Every line of the listing below is to be repeated exactly; the pictures stay out.
BEGIN Provided data
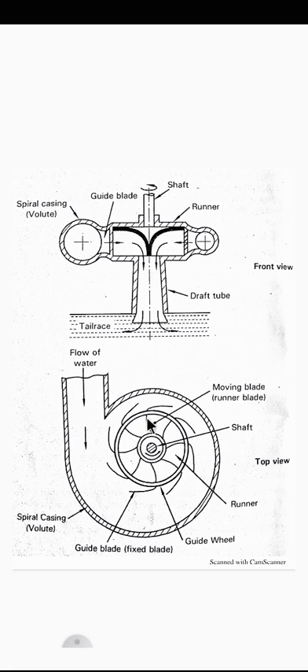We will discuss the parts of Francis turbine. The first part is the runner — a circular wheel on which a series of curved blades are fixed. Next is the guide wheel, which is a stationary wheel arranged around the runner of the turbine.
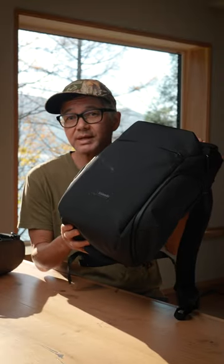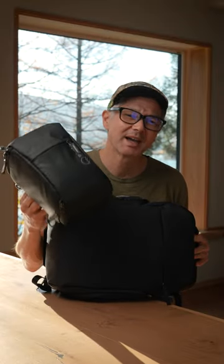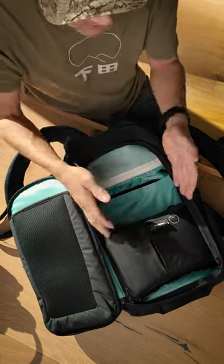This is the new Urban Explore in the 20 liter size, and this is a Shimoda top loader. I'm going to put the top loader inside the pack and just show you what a nice little setup this can be. First, just open the pack. This is going to be the space that the core unit would normally take up. Now when we put the top loader in, you can see we have almost twice the available space in the main compartment.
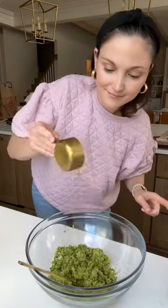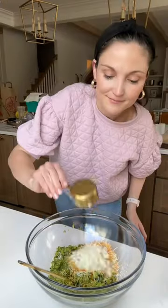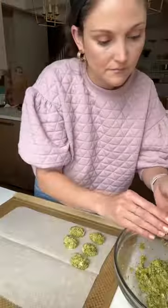We're going to steam up some broccoli, pulse it up, combine it with oat flour, cheese, an egg, a little bit of onion, and you can add sea salt if you're making these for babies over one.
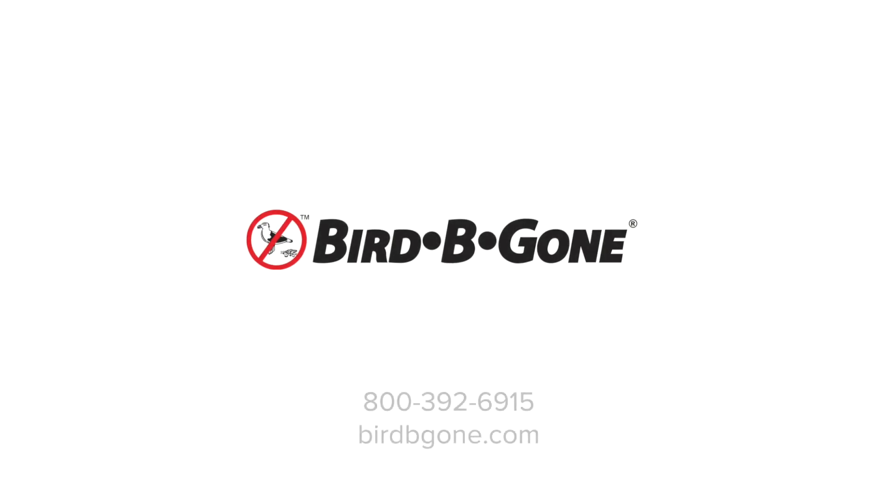For more information about Bird Be Gone products, please visit birdbegone.com.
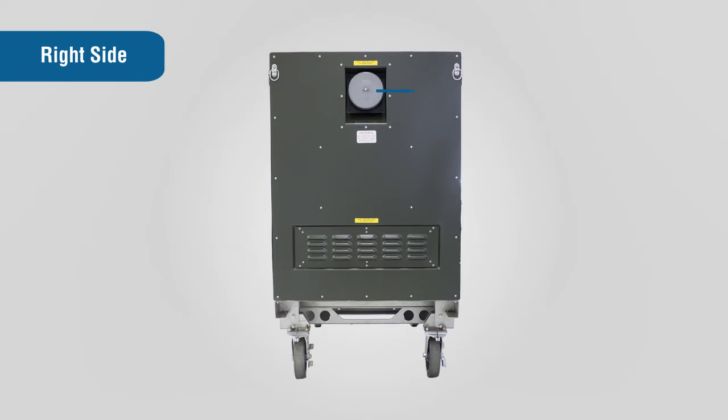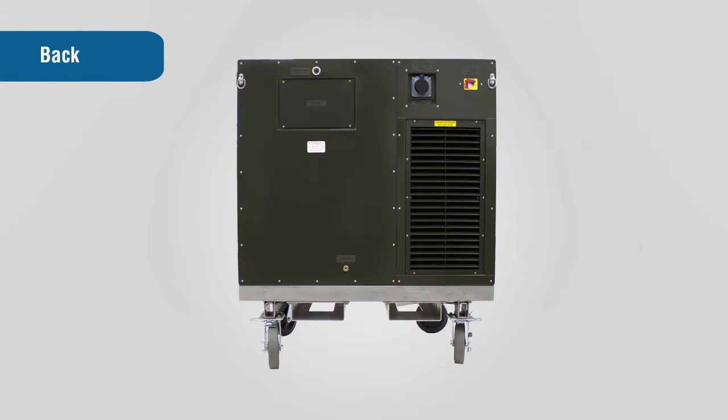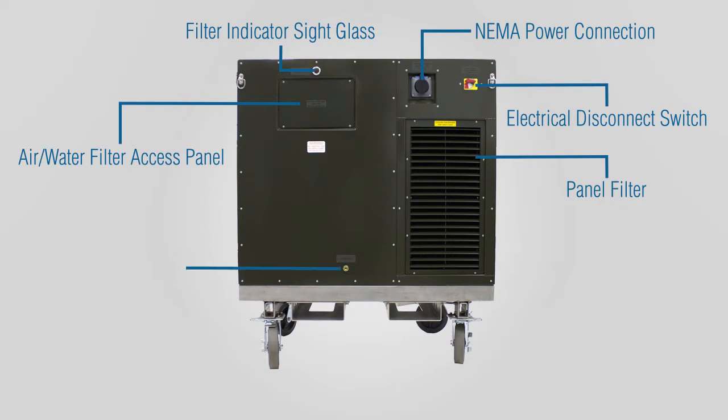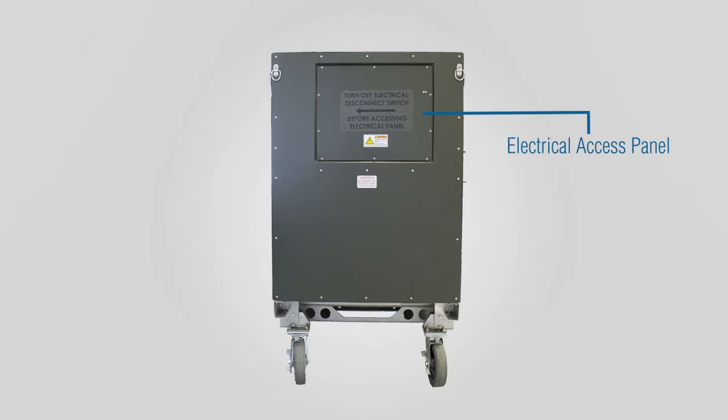The right side of the unit has an intake air filter and a louvered panel filter. Located on the back of the OGL are the following: the air water filter access panel, filter indicator sight glass, NEMA power connection, electrical disconnect switch, panel filter, and the water drain port. On the left side of the unit, you will find the electrical access panel.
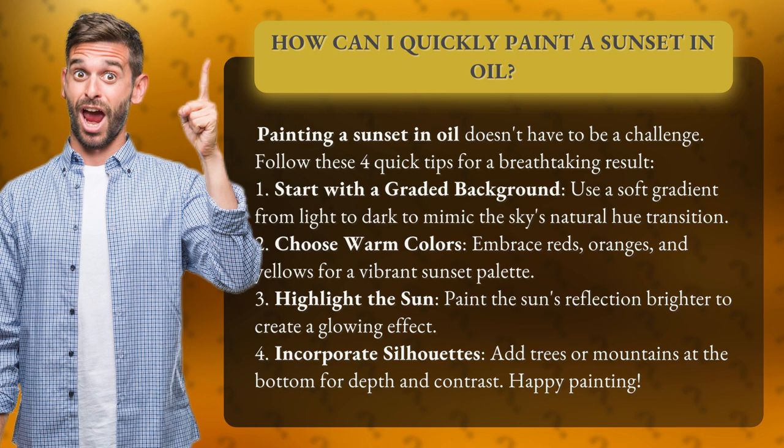4. Incorporate silhouettes. Add trees or mountains at the bottom for depth and contrast. Happy painting!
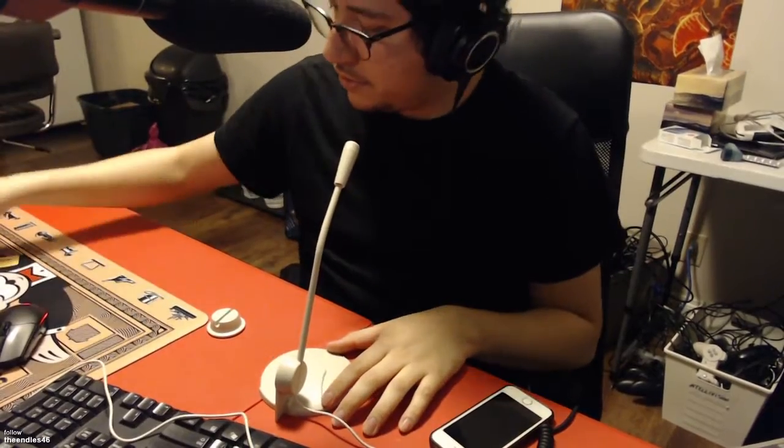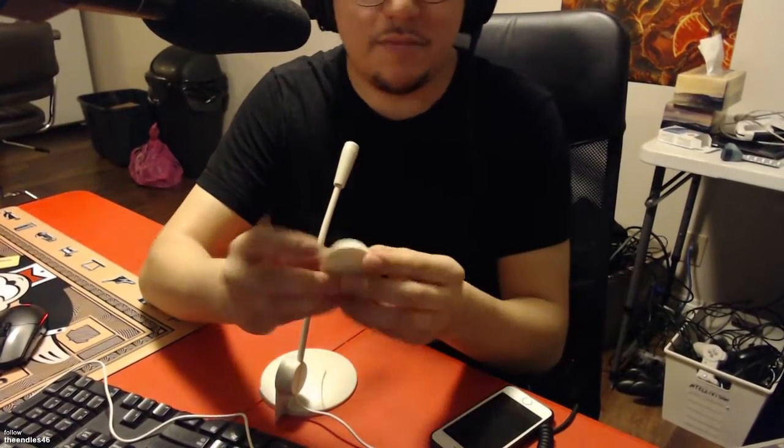Brand new, brand spanking new. I've never been touched. How do we do this? I actually need to read this. This goes - there we go. Beautiful, there's the base. Then we just slide this in, there we go. There it is. This goes on the side of my monitor if I really want to put it on the side of my monitor, you know what I mean?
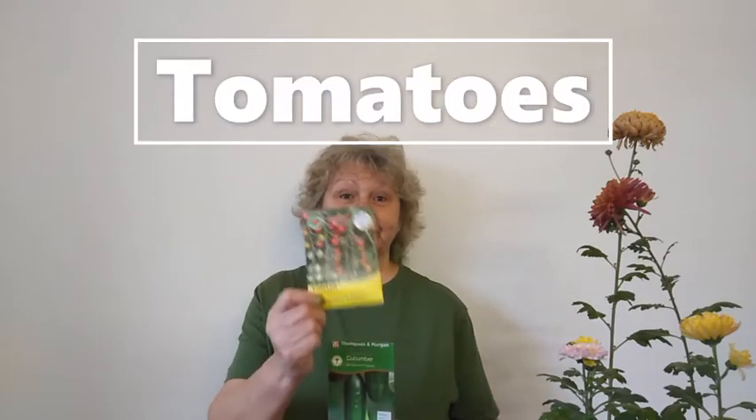Also this year I'm going to be starting off a couple of tomatoes and cucumbers. I wouldn't normally plant them in February, but the seed packet says they can and so I'm going to try just one or two.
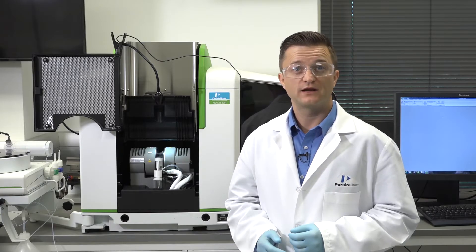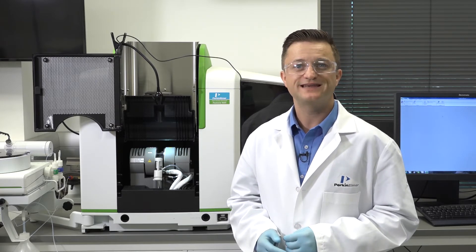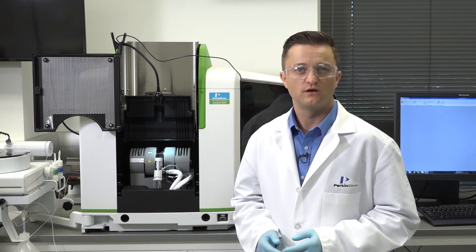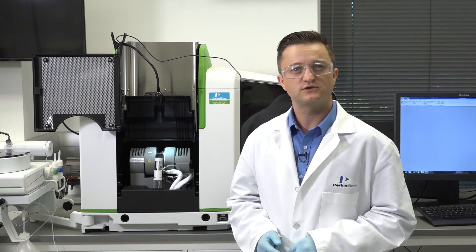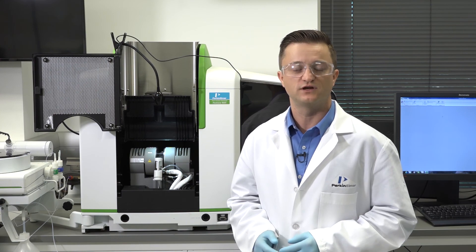Now that your contacts have been cleaned of deposits and your tube cleaned of contamination or replaced as needed, you're ready to begin your analysis. Your instrument manual and these how-to videos are great resources to help get you familiar with your AA instrument. For more in-depth information on how to properly maintain and use your Pinnacle AA system, sign up for one of our training courses or contact your PerkinElmer representative for additional options.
END Provided data
Written answer:
We will discuss the parts of Francis turbine. The first part is the runner — a circular wheel on which a series of curved blades are fixed. Next is the guide wheel, which is a stationary wheel arranged around the runner of the turbine.
This is the new Urban Explore in the 20 liter size, and this is a Shimoda top loader. I'm going to put the top loader inside the pack and just show you what a nice little setup this can be. First, just open the pack. This is going to be the space that the core unit would normally take up. Now when we put the top loader in, you can see we have almost twice the available space in the main compartment.
We're going to steam up some broccoli, pulse it up, combine it with oat flour, cheese, an egg, a little bit of onion, and you can add sea salt if you're making these for babies over one.
For more information about Bird Be Gone products, please visit birdbegone.com.
The right side of the unit has an intake air filter and a louvered panel filter. Located on the back of the OGL are the following: the air water filter access panel, filter indicator sight glass, NEMA power connection, electrical disconnect switch, panel filter, and the water drain port. On the left side of the unit, you will find the electrical access panel.
4. Incorporate silhouettes. Add trees or mountains at the bottom for depth and contrast. Happy painting!
Brand new, brand spanking new. I've never been touched. How do we do this? I actually need to read this. This goes - there we go. Beautiful, there's the base. Then we just slide this in, there we go. There it is. This goes on the side of my monitor if I really want to put it on the side of my monitor, you know what I mean?
Also this year I'm going to be starting off a couple of tomatoes and cucumbers. I wouldn't normally plant them in February, but the seed packet says they can and so I'm going to try just one or two.
Now that your contacts have been cleaned of deposits and your tube cleaned of contamination or replaced as needed, you're ready to begin your analysis. Your instrument manual and these how-to videos are great resources to help get you familiar with your AA instrument. For more in-depth information on how to properly maintain and use your Pinnacle AA system, sign up for one of our training courses or contact your PerkinElmer representative for additional options.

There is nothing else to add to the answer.